23. Three defenses are preserved even if not raised until trial:

· Failure to state a claim for relief under Rule 12(b)(6). [FRCP Rule 12(h)(2); Brown v. Trustees of Boston Univ. (1st Cir. 1989) 891 F.2d 337, 357]

· Failure to state a legal defense to a claim under Rule 12(f). [FRCP Rule > 12(h)(2); Dysart v. Remington Rand, Inc. (DC CT Rule 1939) 31 F.Supp. 296, 297]

· Failure to join an "indispensable" party under Rule 19. [FRCP Rule 12(h)(2)]

24. If RK Company, an Illinois Corporation, did not make an investment in HSC, then there has been a failure to state a claim for relief. If the proper party Plaintiff is a common law trust, then the action should have been brought by the Trustee on behalf of the trust, which simply did not occur. This is further an issue of capacity to sue. In addition to being the real party in interest, plaintiff must have capacity to sue. [FRCP Rule 17(b)] "Capacity" refers to a party's personal right to litigate in a federal court.

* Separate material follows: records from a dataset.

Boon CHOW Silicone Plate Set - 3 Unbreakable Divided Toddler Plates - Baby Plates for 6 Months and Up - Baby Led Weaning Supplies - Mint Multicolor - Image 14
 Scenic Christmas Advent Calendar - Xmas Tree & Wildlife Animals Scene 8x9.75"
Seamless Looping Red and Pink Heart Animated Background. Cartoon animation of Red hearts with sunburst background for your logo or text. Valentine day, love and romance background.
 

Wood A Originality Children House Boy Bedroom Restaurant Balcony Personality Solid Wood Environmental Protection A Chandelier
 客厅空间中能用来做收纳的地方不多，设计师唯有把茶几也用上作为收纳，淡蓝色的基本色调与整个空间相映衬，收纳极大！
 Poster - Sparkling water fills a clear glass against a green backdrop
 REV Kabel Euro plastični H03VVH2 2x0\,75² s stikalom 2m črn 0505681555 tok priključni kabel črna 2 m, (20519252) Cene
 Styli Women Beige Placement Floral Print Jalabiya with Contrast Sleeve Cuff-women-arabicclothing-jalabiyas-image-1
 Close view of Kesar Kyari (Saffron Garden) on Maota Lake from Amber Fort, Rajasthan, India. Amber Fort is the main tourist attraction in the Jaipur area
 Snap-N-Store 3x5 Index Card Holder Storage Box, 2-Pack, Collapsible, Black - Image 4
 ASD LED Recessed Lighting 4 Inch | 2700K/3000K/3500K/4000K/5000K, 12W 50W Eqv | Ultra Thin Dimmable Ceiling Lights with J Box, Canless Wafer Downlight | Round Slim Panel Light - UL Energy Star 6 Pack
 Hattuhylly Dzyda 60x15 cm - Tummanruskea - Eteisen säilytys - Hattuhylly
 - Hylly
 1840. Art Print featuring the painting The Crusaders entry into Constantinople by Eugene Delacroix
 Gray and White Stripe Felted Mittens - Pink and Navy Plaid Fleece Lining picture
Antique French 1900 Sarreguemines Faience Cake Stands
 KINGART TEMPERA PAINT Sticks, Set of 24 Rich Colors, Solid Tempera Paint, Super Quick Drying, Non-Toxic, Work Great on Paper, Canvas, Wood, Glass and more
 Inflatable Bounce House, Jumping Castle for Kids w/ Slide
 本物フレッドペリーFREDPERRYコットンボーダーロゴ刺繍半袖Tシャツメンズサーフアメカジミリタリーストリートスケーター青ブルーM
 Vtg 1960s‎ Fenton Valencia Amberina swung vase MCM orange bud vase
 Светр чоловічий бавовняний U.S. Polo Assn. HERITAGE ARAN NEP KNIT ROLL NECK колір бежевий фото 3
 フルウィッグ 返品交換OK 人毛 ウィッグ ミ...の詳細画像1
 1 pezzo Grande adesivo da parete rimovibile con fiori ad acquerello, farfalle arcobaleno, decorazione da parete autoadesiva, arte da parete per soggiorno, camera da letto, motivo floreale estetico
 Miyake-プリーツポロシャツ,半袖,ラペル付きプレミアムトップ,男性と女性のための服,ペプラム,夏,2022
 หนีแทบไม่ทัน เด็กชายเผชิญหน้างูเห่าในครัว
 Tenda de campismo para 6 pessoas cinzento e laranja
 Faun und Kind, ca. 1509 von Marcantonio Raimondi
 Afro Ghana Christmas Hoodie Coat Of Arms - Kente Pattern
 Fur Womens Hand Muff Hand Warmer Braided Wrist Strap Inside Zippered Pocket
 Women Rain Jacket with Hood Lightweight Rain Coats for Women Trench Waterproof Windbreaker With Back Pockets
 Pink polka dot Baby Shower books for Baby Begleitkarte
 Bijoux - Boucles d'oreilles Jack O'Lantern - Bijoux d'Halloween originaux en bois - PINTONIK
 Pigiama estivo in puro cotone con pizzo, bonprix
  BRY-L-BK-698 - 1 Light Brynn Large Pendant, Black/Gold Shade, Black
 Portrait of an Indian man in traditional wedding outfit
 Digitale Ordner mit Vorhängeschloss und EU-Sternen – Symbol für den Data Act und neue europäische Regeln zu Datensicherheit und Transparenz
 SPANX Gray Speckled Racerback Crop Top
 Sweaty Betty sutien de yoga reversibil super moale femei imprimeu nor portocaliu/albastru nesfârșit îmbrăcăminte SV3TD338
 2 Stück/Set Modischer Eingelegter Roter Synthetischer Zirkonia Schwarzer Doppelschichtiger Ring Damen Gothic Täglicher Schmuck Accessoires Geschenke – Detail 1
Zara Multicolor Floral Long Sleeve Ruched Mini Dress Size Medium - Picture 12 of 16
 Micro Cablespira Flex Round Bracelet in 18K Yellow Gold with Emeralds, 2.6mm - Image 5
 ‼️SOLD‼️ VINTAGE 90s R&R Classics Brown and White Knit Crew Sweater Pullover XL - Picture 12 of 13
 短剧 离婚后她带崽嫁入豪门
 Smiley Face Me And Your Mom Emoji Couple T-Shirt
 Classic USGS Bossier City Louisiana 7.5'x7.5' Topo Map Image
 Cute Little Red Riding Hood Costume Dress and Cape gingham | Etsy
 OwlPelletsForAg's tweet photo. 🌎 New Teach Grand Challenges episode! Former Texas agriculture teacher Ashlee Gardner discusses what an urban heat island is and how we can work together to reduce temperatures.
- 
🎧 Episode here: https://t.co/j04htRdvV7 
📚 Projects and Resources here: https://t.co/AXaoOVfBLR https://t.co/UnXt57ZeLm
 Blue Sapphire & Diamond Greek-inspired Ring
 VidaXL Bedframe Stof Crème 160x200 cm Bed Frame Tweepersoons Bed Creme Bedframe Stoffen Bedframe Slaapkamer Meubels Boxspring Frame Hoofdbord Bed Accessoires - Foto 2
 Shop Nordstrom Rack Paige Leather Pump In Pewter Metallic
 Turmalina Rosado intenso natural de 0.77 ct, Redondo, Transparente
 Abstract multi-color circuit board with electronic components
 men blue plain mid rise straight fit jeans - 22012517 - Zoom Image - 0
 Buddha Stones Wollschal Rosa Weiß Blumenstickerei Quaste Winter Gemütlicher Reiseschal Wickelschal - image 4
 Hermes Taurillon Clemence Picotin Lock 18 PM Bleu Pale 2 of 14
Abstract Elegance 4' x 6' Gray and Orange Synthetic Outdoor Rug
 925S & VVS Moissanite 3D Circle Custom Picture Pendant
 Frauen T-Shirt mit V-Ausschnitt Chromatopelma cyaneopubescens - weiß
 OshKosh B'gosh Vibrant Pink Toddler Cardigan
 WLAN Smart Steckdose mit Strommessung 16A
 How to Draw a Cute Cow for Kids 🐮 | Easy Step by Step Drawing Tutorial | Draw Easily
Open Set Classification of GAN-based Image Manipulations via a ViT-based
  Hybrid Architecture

Issues of capacity are determined by the law of the individual's domicile. [FRCP Rule 17(b); Esposito v. United States (10th Cir. 2004) 368 F.3d 1271, 1273] he rules regarding party capacity are designed to assure that whatever judgment is rendered will be binding on the parties involved, and thus effectively resolve the litigation.

25. Raising these issues for the first time at trial, and again renewing this motion is not only proper, but timely. These defenses may be asserted by any party, or by the court sua sponte. Provident Tradesmens Bank & Trust Co. v. Patterson (1968) 390 U.S. 102, 110, 88 S.Ct. 733, 738.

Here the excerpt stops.